I would have previously mentioned Sulphur Springs. Is there anyone else supplying small Live steam parts like this. The last I heard from Sulphur Springs was about 6 months ago they had an ad in SITG stating a going out of business sale, email twice but got no response. I was ready to stock up on some items to help them out. 

I could not find the Harbor Freight micro torch sale price on the web, anyone have a link? HF likes to play games with prices, one catalog number will be full price and the other for the same item will be half off, when placing an order it will not default to the lowest price. 

Thanks 
Steve


----------



## xo18thfa (Jan 2, 2008)

I got these valves from Sulphur Springs many years ago. M4.5 thread was how they came in those days, now M5.0 is pretty much the norm.


----------



## Kovacjr (Jan 2, 2008)

Bob 

The difference with the m4.5 true Ronson and the 5mm ones are that the m4.5 always work well. I almost have never replaced one. The M5mm ones are pretty crappy....Accucraft makes their opwn andf I have only 1 engine that the valve works flawless. All the other spray gas all over as they fill. But at the 6.00 coast to replace them you dont always get one that works any differently. 
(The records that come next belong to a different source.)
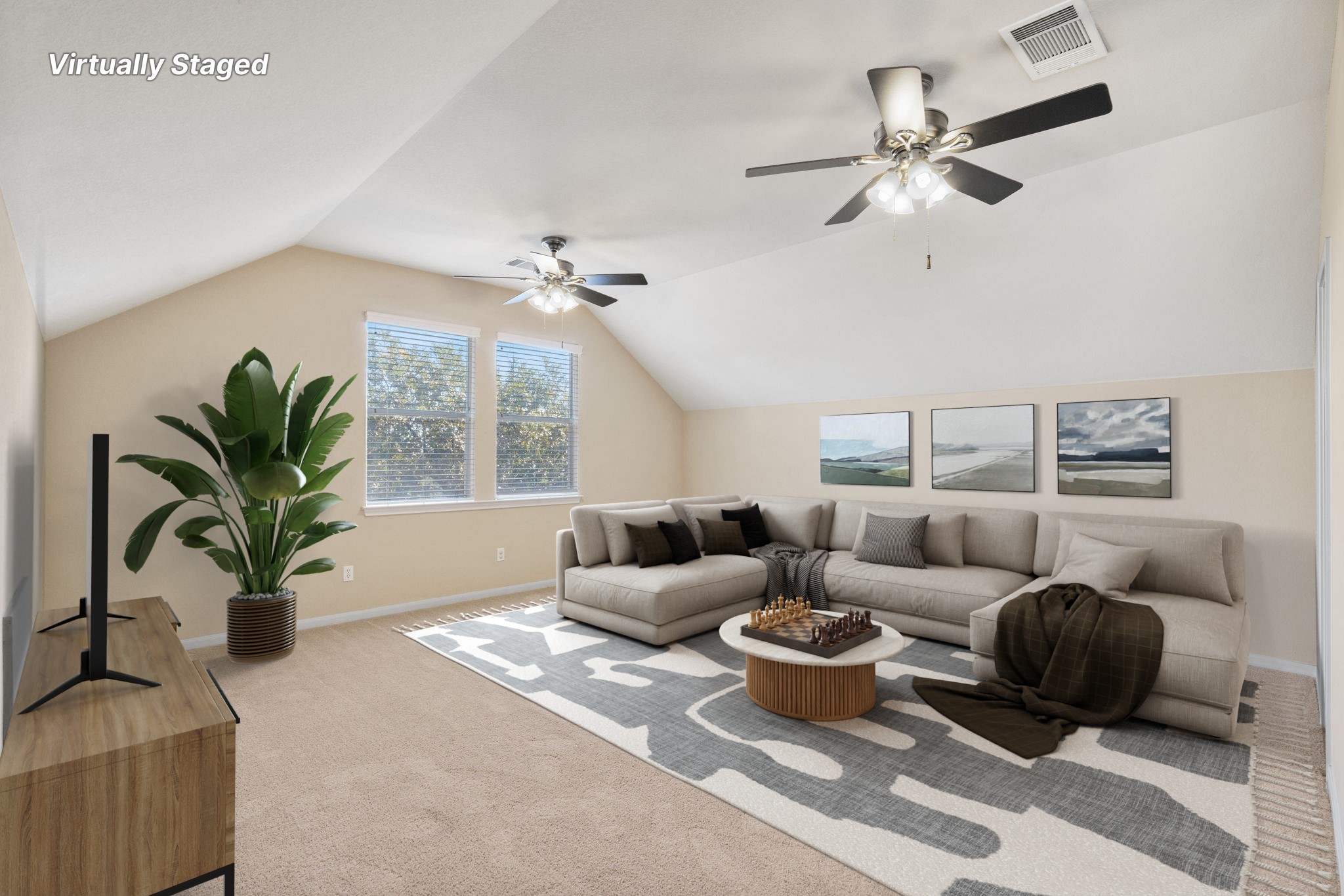 3501 Shellcastle Lane Round Rock, TX 78681 - Photo 17 of 19 a living room with furniture and a large window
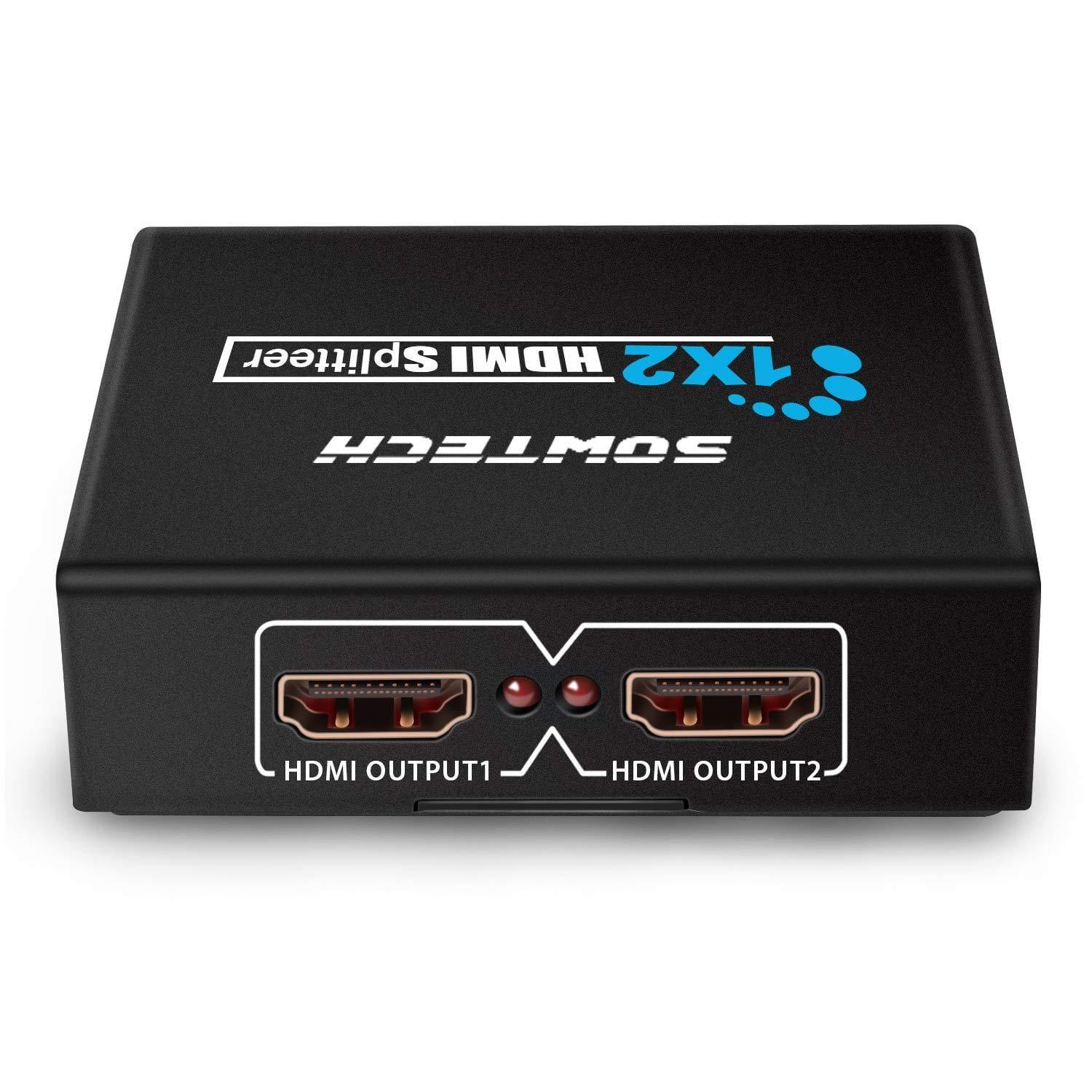 Dealsplant HDMI Splitter 1 in 2 Out Support 3D for Duplicated/Mirror Dual Monitor-HDMI spliter cable-dealsplant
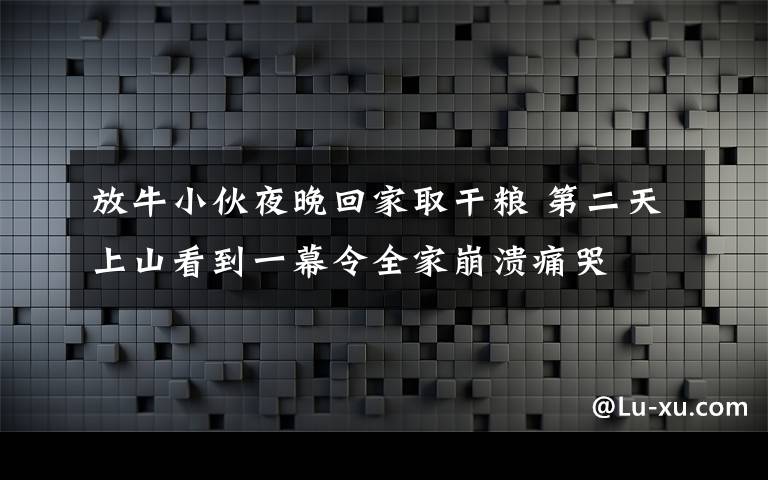 放牛小伙夜晚回家取干粮 第二天上山看到一幕令全家崩溃痛哭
Roundhouse trains or email at [email protected] suppkies the good ones. Any new tank I make has these and I only with that the Accucraft would start to use them. 

Also if you are in a pinch and need them quick, I have about 6 or so on hand... Just email me offline.


----------



## Rik (Dec 27, 2007)

Chuffed 2 Bits has Ronson valves with whatever threads you might require: www.chuffed2bits.com

Best regards,

~ Rik


----------



## Pete Thornton (Jan 2, 2008)

Who sells Ronson style gas filler valves in 4.5mm x 0.5 thread? 
Bob, 
Acccuraft's eStore sells Ronson valves for their locos as spares. [Tough to find as they don't have a search!] I assume they are metric thread.


----------



## xo18thfa (Jan 2, 2008)

Thanks for the sources guys. I should have followed up on this after I got some from Roundhouse.


----------



## bille1906 (May 2, 2009)

Are the Roundhouse 5.0 or 4.5?


----------



## Phippsburg Eric (Jan 10, 2008)

I had to fix the Ronson valve on my Aster Climax...I couldnt fill the tank with gas...or it wouldnt stay in, more correctly. I called an Aster dealer and he wasnt able to get what I needed...I only had a part number and a discription not the proper name (Ronson) so I took it apart, found the dried out o-ring and replaced it from McMaster Carr. With a bit of gas pipe dope, it works quite well now. the price of 100 baby o-rings and a dab of dope were probably less than I would have spent had he a replacement valve for me. 

But I would have preferred the correct valve. anyone know what size they are or where they could be had?


----------



## xo18thfa (Jan 2, 2008)

Posted By bille1906 on 16 May 2012 07:34 AM 
Are the Roundhouse 5.0 or 4.5? 
Bill: Roundhouse is M4.5 x 0.5


----------